Lupe the story teller returns several times as well in tracks like “Hip-Hop Saved My Life” in which he raps about a up and coming unsigned underground rapper trying to make a name for himself and get out of the hood or “Intruder Alert” in which Lupe raps several small stories about people coming in terms with people having trust issues or having moments in which an “Intruder” enters their life and how they react. But also, Lupe has a tinge of that indie rock and alternative style in this album as well. We see this in tracks like “Streets on Fire” in which the whole song is about a uncontrollable virus that spreads and it’s impact on the world. In the song everyone blames each other for the origin of the disease and this is strengthened by down-tempo moody beat with Matthew Santos’ dreary lyrics and defeated tone of voice. Lupe raps about this from perspectives of different groups like Revolutionaries who blames the problems on society and the media, or the religious against the morally corrupt or from the perspective of different social economic groups. The song basically shows how the impact of world wide disaster causes people to lose trust and the breakdown of society and how fragile the establishes of government and societal norms. We also getting another rock styled track similar to “The Instrumental” from Food & Liquor with “Hello/Goodbye (Uncool)”. Lupe takes this one a little further into the rock style by working with Unkle which gives this track a more independent rock and trip-hop sound with these dark undertones and progressive dynamic increase in distortion and edge.



Conclusion:


While I feel like this album is almost perfect, there is a few tracks that just don’t hit well with me, those being “Fighters” and “Go Baby”, which is so unfortunate because they are at the tail end of this album. This is even worse because the two tracks before these are “The Die” and “Put You On Game” which I feel would have been a more impactful ending to the album as it ends the story of Michael Young and his demise. I also find “Go Go Gadget Flow” and “Hi-Definition” to just be “okay” tracks, nothing to remarkable or noteworthy.

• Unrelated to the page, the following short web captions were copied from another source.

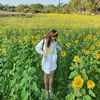 haneul040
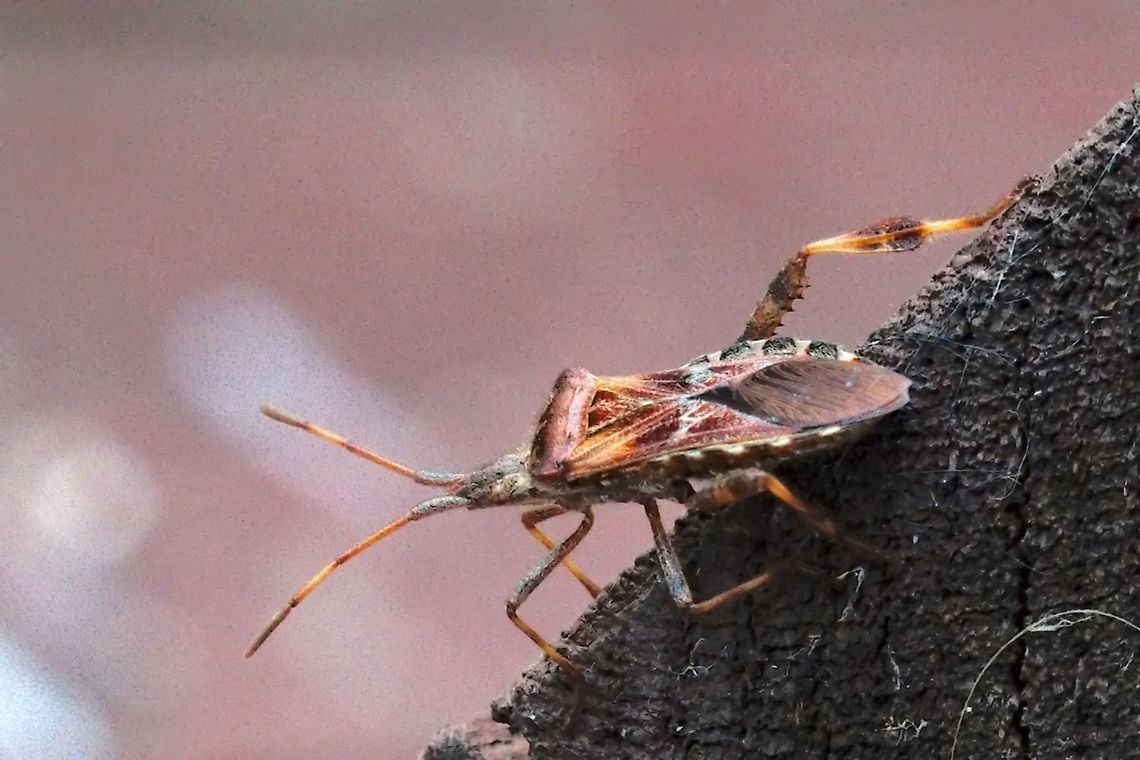 Insect seen at Gülper See =>Leptoglossus occidentalis Insect seen at G&uuml;lper See, thanks to Christine Young should be Leptoglossus occidentalis Fall,Geotagged,Germany,Leptoglossus occidentalis,Western conifer seed bug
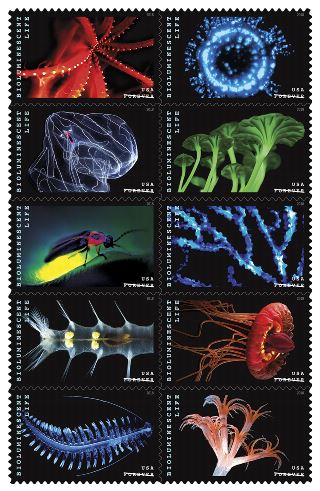 Bioluminescent Life Stamps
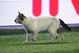 ISTANBUL, TURKEY - MAY 20:  A cat wanders along the touchline during the UEFA Cup Final between Shakhtar Donetsk and Werder Bremen at the Sukru Saracoglu Stadium on May 20, 2009 in Istanbul, Turkey.  (Photo by Mike Hewitt/Getty Images)
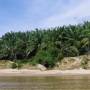 Malaisie - 
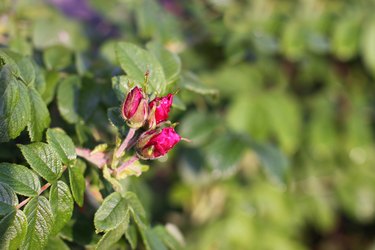 Rose hips bud. flower wild rose.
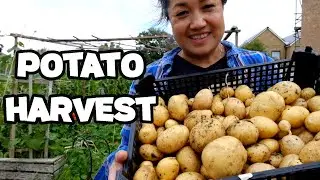 Episode 13...Let's harvest my supermarket bought potatoes and see the yield.  #potato #harvest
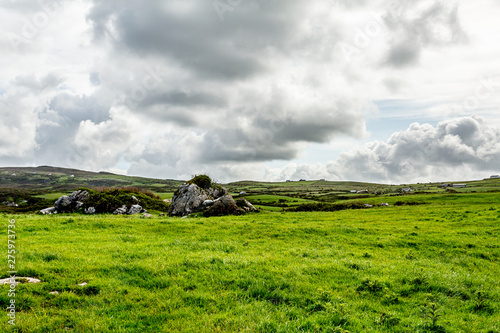 View of a meadow in the Burren with large limestone rocks among the green grass, Geoparks and Geosite, Wild Atlantic Way, beautiful spring day in County Clare in Ireland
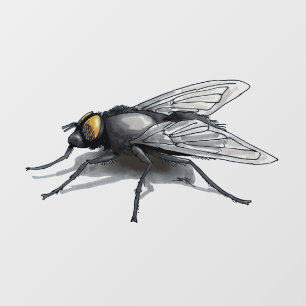 フライバディ小さな影のウィンドウが後ろのスティックを掴む ウィンドウサイン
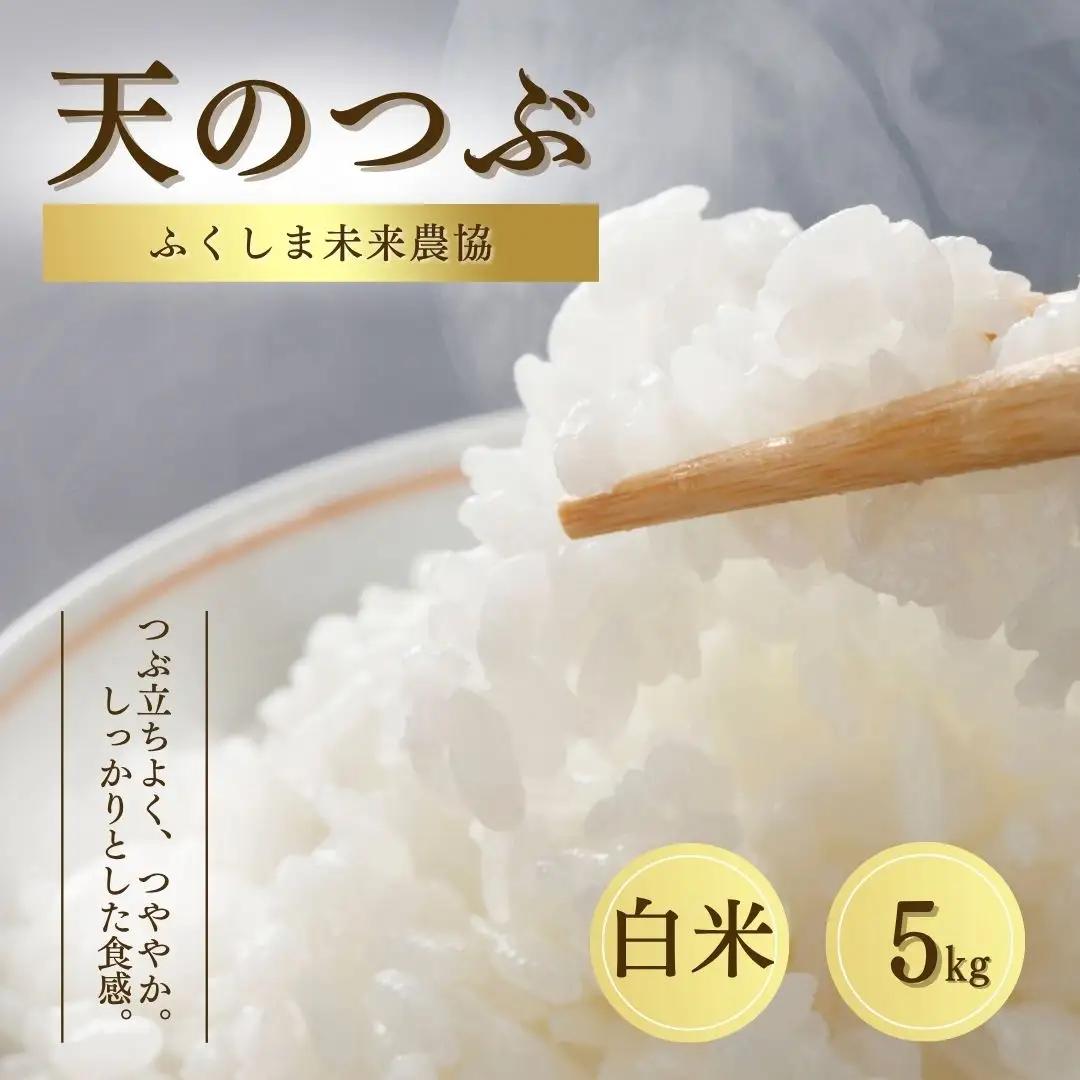令和7年産 天のつぶ 白米 5kg | 福島県産米 ふくしま未来農協 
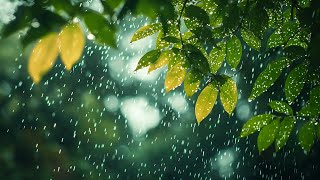 Peaceful Piano Music - Calming sound of rain to reduce stress, improve sleep and boost creativity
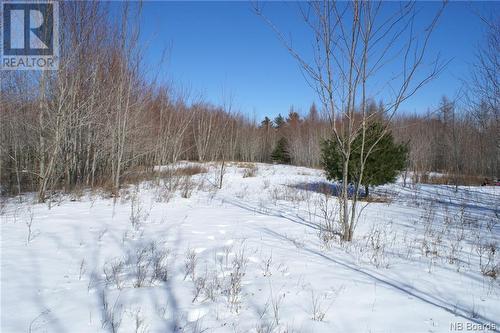 540 Scotchtown Road, Scotchtown, NB - Outdoor With View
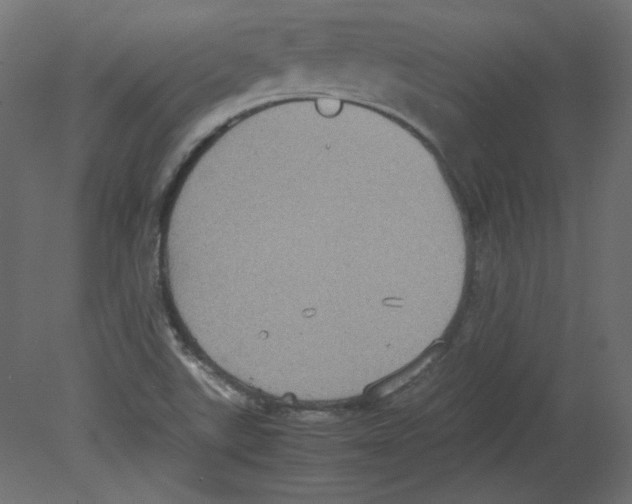 X0000080661507200701121553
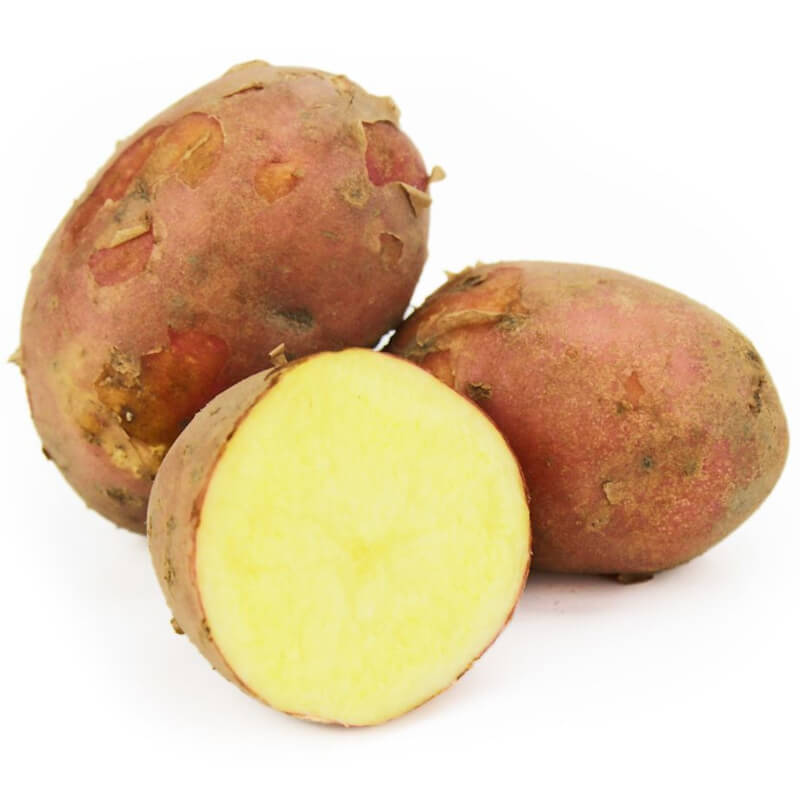 Unge røde kartofler, friske ØKO (polsk) (ca. 2,00 kg)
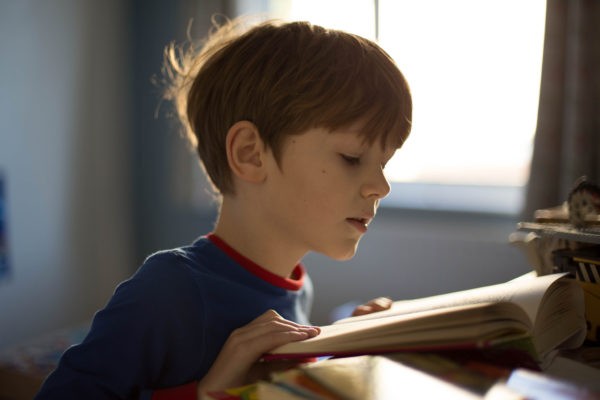 От программирования до вексиллологии – 7 книг, которые интереснее учебников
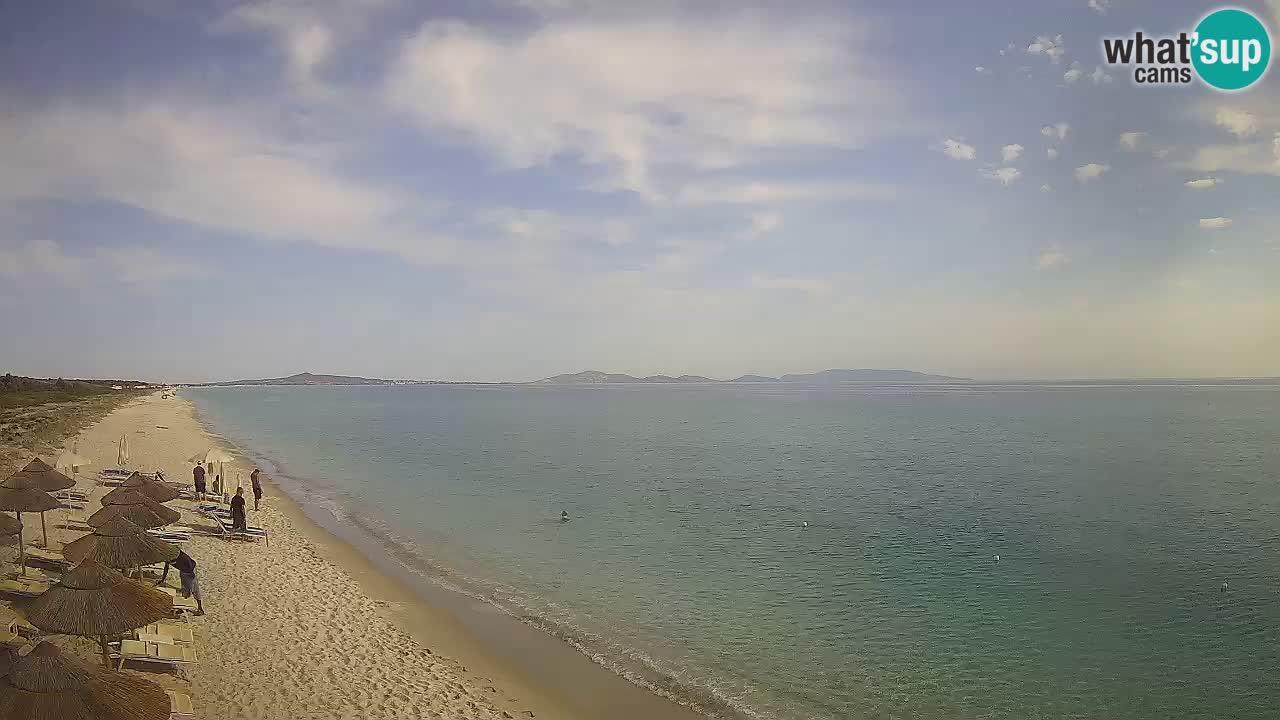 Strand Le Saline webcam Stintino – Sardinien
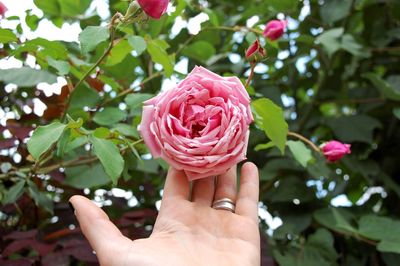 Close-up of hand holding pink flower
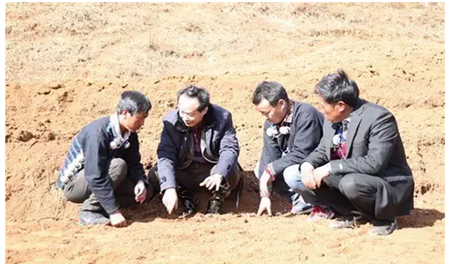 耿福能在涼山州布拖縣樂安鄉(xiāng)火燈村調(diào)研指導(dǎo)附子種植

In the end however, Lupe Fiasco’s The Cool still stands as a classic and one of the greatest hip-hop albums of all time. The complexity of the lyrics, the amazing productions, the flow from track to track, the messages displayed and the use of the concept of Michael Young’s life and circumstances makes this such an amazing product. The Cool still stands today as one of, if not the best of Lupe’s studio albums and releases.


My Favorite Tracks are as follows: “The Coolest”, “Superstar”, “Paris, Tokyo”, “Streets On Fire”, “Little Weapon”, “Gotta Eat”, “Dumb It Down”, “The Die”, and “Put You On Game”.